Sometimes the best Notion advice is: don’t build it in Notion.
In January I was working with a client on a complex capacity planning setup. Multiple databases pulling from each other, external integrations feeding data in, layered automation handling updates. We spent weeks refining it, mapping dependencies, testing edge cases, making sure nothing broke when the team scaled.
From a systems perspective, it was solid. But the more we refined it, the clearer something became.
We were building the right solution in the wrong place. Like trying to use a Swiss Army knife when you really need a proper toolbox.
Capability vs Suitability
Notion is powerful — it can handle way more than most teams use it for. But just because it can handle something doesn’t mean it should.
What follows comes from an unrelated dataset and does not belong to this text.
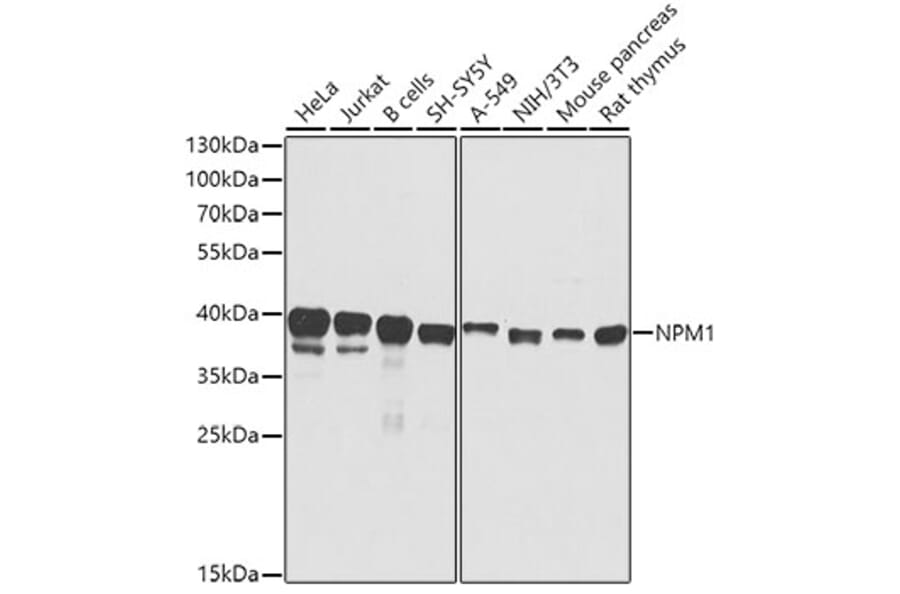 Western Blot - Anti-NPM1 Antibody (A0486) - Antibodies.com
There’s a difference between capability and suitability.
So I said something I don’t usually say: use another tool for this part. Keep Notion as your single source of truth, but don’t force it to become your entire tech stack. Let the capacity planning live where it’s actually designed to live, and connect it back to Notion for visibility.
Here’s what surprised me: that recommendation built more trust than any clever automation ever could.
The Question That Guides Me
My job isn’t to prove what Notion can do. It’s to design what actually serves the team. And sometimes serving the team means pointing them somewhere else.
Is this what’s best for the team, or am I just showing off what’s possible?